BRASÍLIA – O prefeito Paulo Maluf mudou a cara da sucessão presidencial ao abandonar sua candidatura –imagino que a maioria dos leitores preferisse uma análise sobre quem perde ou ganha. Lamento frustrá-los. O que mais me chama a atenção é a denúncia estampada ontem sobre o orgias sexuais com crianças numa escola de São Paulo. De quem é a culpa?
O problema é que, mesmo comprovada a denúncia das vítimas, a responsabilidade não se limita aos dirigentes ou funcionários da escola. É também das autoridades públicas. Motivo: não existe fiscalização para o ensino básico. Uma lei determinando a fiscalização rasteja lerda, sem que se vislumbre sua aprovação.
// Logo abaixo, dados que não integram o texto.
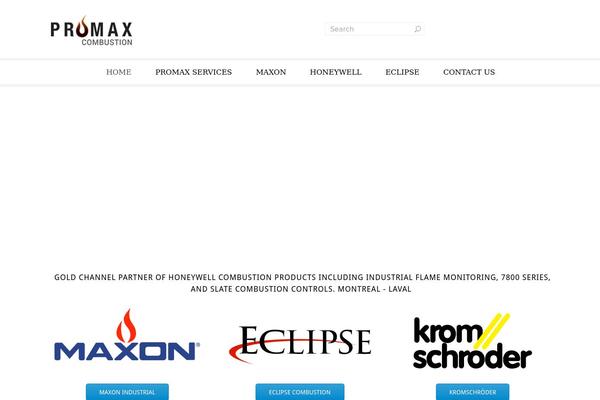 Legenda Child theme site design template sample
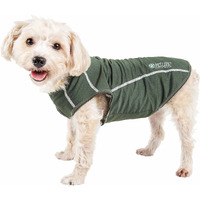Pet Life Active 'Racerbark' 4-Way Stretch Performance Active Dog Tank Top T-Shirt(D0102H7LFLW.)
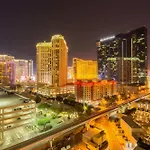 No Resort Fee Strip View Suite + Free Valet + Pool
Surpreendente a frase transmitida ontem ao repórter Fernando Rossetti, da Folha, pelo presidente do Conselho de Educação de São Paulo, José Mário Azanha: "É mais fácil abrir uma escola do que uma quitanda". Beleza de país estamos construindo: existe fiscalização para bancos, boates e até casas de massagem. Mas não para escolas.
Provavelmente esse caso só veio à tona porque se trata de uma escola privada, frequentada por alunos de classe média. No ensino público, o abandono é ainda maior. Nossas elites não percebem a grande orgia nacional –e os que percebem não gritam ou não conseguem gritar como deveriam.
O fato: estamos construindo uma geração idiotizada. Idiotizada porque não se investe na cidadania, ou seja, nas escolas. O professor primário, que deveria ser um dos alvos prioritários do respeito nacional, ganha, em média, menos do que um salário mínimo. Fosse um plano para destruir pacificamente um país, impossível melhor tática.
Basta lembrar um único dado. Em cerca de 25% das escolas brasileiras não existe sequer banheiro –daí se vê o esgoto no qual estamos metidos.
PS – Há, evidente, várias exceções de ensino público bem-sucedido pelo país. Uma delas é excepcional e está em São Paulo. Empresários da Câmara Americana de Comércio resolveram adotar três escolas públicas, auxiliando na reciclagem de professores e acompanhando as aulas. Gasta-se US$ 50 por aluno ao ano (repito, ano). Em um ano de experiência, a taxa de evasão escolar caiu 30%. E o nível de aprendizado simplesmente duplicou.